** Opening Data to use block **

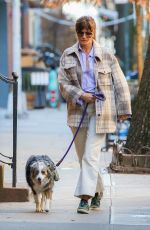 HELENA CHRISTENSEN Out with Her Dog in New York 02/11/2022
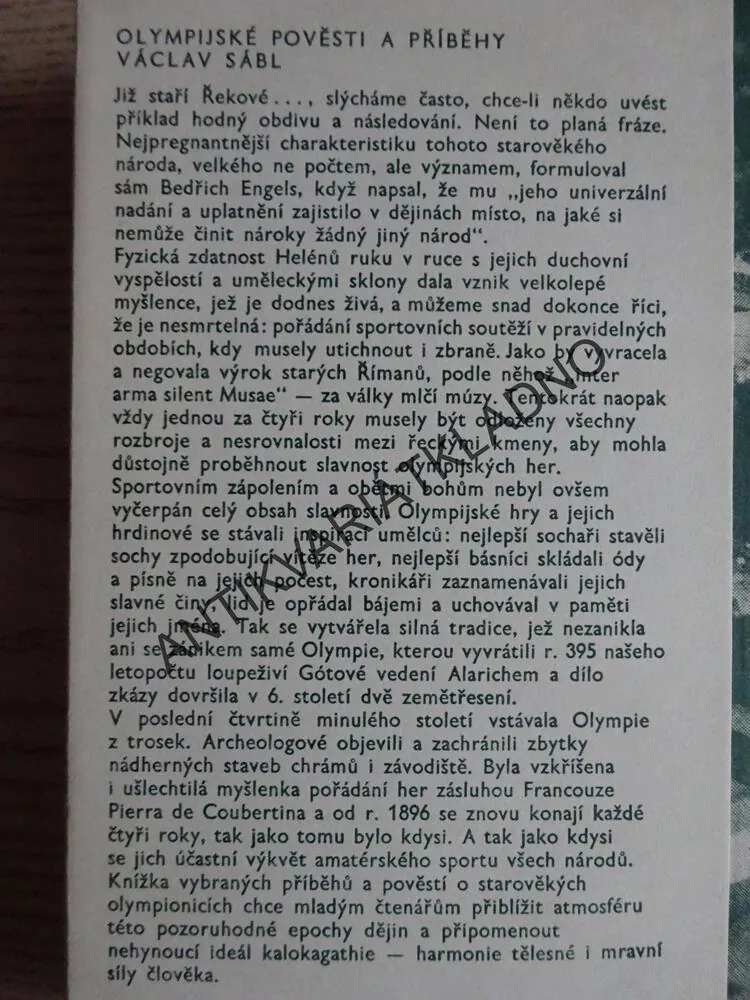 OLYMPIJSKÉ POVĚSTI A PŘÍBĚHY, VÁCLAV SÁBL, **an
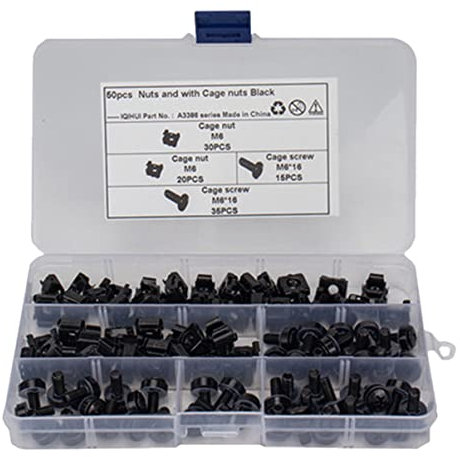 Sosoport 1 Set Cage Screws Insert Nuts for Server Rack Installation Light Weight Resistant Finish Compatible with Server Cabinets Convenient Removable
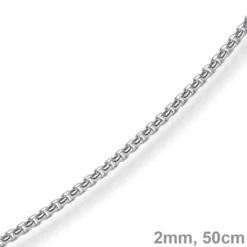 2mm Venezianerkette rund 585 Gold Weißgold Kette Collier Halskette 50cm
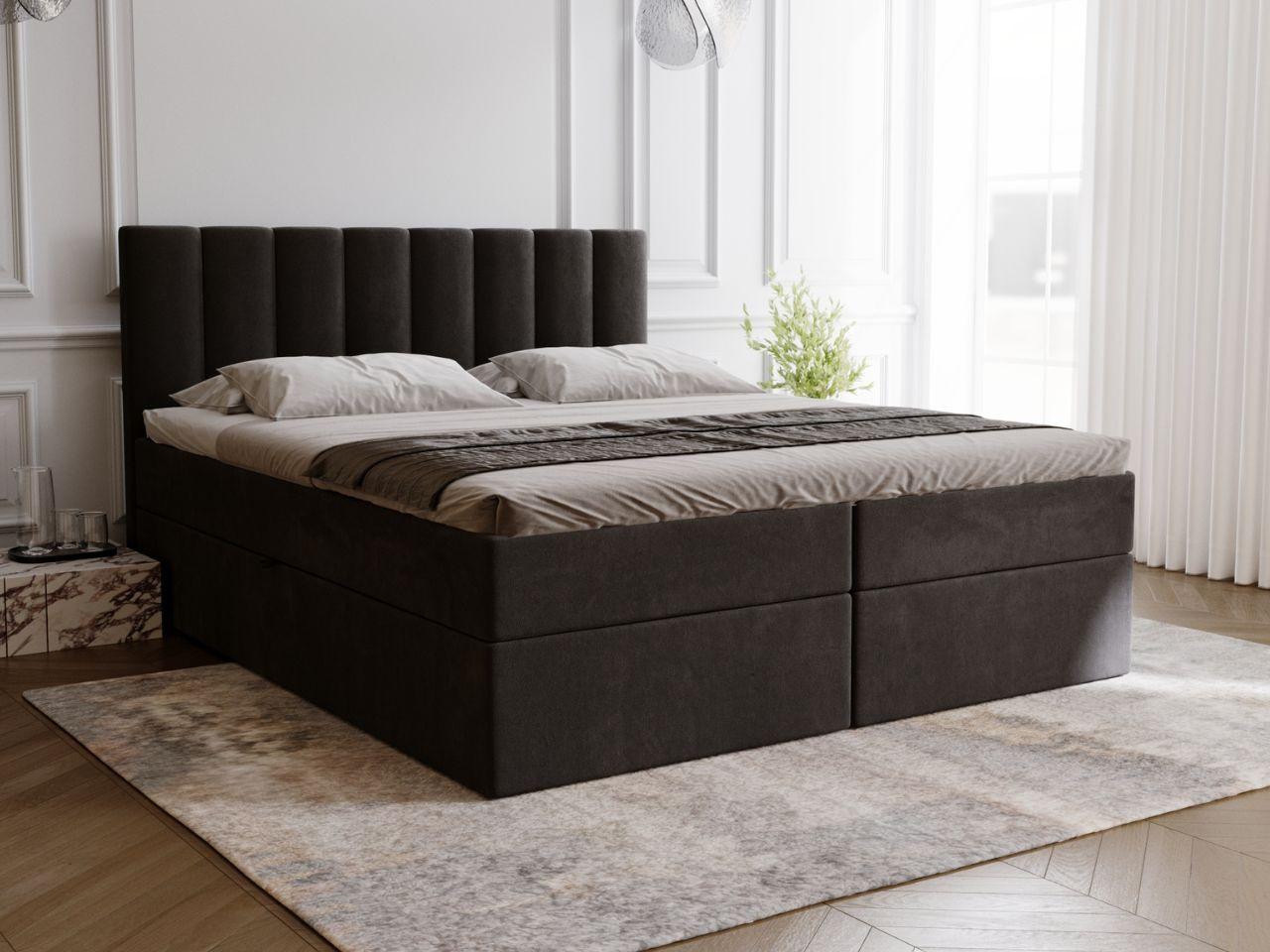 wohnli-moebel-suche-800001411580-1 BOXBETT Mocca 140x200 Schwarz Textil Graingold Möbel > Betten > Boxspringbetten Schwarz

** Closing Data to use block **
** Opening Data to use block **

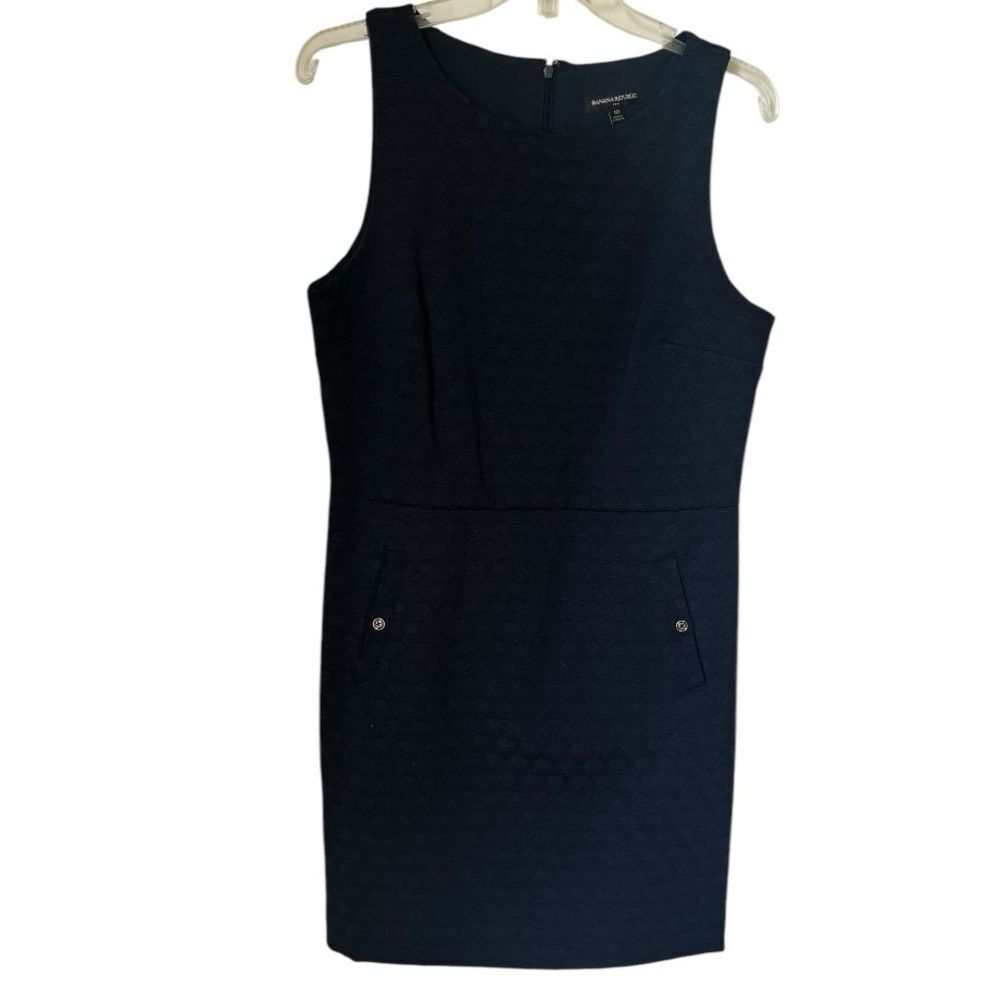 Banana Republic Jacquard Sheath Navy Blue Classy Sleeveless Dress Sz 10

** Closing Data to use block **

The answer must be the lines above from the one containing "HELENA CHRISTENSEN Out" through the one containing "wohnli-moebel-suche-800001411580-1 BOXBETT Mocca", reproduced exactly, with no pictures and nothing else.

 HELENA CHRISTENSEN Out with Her Dog in New York 02/11/2022
 OLYMPIJSKÉ POVĚSTI A PŘÍBĚHY, VÁCLAV SÁBL, **an
 Sosoport 1 Set Cage Screws Insert Nuts for Server Rack Installation Light Weight Resistant Finish Compatible with Server Cabinets Convenient Removable
 2mm Venezianerkette rund 585 Gold Weißgold Kette Collier Halskette 50cm
 wohnli-moebel-suche-800001411580-1 BOXBETT Mocca 140x200 Schwarz Textil Graingold Möbel > Betten > Boxspringbetten Schwarz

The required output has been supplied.